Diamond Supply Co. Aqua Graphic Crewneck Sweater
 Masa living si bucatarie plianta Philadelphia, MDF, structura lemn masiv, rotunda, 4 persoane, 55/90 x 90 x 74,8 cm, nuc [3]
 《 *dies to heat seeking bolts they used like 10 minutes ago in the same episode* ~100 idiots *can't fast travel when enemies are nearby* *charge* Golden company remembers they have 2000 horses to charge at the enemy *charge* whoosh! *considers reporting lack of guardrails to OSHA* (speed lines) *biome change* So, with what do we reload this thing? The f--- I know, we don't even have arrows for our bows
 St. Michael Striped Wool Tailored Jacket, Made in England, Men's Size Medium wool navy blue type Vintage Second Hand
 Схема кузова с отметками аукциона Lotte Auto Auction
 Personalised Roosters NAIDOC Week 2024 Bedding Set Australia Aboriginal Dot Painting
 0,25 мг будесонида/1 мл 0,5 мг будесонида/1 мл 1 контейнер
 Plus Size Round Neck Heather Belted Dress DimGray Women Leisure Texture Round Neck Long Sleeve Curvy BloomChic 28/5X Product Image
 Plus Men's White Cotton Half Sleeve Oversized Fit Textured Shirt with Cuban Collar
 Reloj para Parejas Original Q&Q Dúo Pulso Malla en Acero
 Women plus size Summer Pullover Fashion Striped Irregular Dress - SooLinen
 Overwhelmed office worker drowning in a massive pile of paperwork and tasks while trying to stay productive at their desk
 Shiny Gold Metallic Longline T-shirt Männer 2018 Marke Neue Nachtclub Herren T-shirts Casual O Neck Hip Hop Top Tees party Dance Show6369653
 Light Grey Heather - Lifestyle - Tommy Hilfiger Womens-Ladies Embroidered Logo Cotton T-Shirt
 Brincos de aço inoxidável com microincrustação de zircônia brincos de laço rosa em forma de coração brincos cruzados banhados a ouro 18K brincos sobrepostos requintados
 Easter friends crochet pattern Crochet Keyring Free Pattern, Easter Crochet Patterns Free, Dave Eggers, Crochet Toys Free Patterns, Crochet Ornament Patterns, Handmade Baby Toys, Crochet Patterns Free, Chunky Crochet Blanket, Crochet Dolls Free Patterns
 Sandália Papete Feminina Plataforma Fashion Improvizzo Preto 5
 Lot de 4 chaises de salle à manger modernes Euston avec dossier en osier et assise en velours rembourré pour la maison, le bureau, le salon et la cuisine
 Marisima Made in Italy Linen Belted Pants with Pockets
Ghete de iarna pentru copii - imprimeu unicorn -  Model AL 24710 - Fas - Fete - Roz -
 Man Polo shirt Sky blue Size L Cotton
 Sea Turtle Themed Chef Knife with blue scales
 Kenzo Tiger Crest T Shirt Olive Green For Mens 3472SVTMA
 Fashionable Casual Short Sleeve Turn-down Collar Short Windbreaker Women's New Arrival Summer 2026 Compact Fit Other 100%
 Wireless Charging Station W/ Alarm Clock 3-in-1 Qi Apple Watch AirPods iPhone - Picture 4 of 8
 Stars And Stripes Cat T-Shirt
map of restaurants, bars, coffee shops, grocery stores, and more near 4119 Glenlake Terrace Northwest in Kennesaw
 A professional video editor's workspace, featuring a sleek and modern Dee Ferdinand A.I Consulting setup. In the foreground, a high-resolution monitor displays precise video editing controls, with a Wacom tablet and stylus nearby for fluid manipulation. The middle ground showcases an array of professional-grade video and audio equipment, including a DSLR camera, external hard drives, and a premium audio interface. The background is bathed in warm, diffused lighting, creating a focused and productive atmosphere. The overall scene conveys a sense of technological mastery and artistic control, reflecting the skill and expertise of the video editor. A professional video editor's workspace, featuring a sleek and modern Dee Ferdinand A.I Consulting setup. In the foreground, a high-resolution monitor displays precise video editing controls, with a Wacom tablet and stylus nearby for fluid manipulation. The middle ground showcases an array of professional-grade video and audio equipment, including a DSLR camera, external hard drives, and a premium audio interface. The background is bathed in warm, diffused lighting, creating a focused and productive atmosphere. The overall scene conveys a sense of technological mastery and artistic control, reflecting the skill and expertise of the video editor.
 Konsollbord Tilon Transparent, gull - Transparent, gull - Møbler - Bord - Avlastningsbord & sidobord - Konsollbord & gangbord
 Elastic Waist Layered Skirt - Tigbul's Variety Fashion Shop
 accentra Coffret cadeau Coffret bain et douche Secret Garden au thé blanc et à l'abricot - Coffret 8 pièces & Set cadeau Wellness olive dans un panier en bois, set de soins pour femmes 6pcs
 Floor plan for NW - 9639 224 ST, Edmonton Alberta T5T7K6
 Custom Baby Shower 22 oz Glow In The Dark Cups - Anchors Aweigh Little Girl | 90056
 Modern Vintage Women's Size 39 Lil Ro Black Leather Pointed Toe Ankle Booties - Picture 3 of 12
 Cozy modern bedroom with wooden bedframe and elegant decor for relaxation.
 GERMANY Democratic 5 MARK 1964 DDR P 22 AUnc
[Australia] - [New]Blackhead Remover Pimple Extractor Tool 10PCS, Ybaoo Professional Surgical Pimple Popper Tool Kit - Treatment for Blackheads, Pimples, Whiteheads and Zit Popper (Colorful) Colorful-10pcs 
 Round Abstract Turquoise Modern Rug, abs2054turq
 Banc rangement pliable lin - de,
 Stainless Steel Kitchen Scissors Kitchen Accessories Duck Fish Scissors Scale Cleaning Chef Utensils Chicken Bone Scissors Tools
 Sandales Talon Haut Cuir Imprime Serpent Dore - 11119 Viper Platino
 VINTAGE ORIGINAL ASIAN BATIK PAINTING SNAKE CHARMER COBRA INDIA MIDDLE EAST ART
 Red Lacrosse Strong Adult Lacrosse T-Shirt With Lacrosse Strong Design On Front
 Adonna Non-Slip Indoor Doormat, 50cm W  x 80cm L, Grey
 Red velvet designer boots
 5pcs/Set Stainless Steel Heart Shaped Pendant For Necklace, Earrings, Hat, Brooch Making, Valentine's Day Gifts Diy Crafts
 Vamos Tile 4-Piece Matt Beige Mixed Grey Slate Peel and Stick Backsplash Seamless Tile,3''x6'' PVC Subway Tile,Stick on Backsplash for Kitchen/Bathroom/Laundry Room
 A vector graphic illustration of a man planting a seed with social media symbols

» **YOUR OBJECTIVE**: Which lines of the data contain the word "Dress"? Copy each one.

» **RESPONSE**:
 Plus Size Round Neck Heather Belted Dress DimGray Women Leisure Texture Round Neck Long Sleeve Curvy BloomChic 28/5X Product Image
 Women plus size Summer Pullover Fashion Striped Irregular Dress - SooLinen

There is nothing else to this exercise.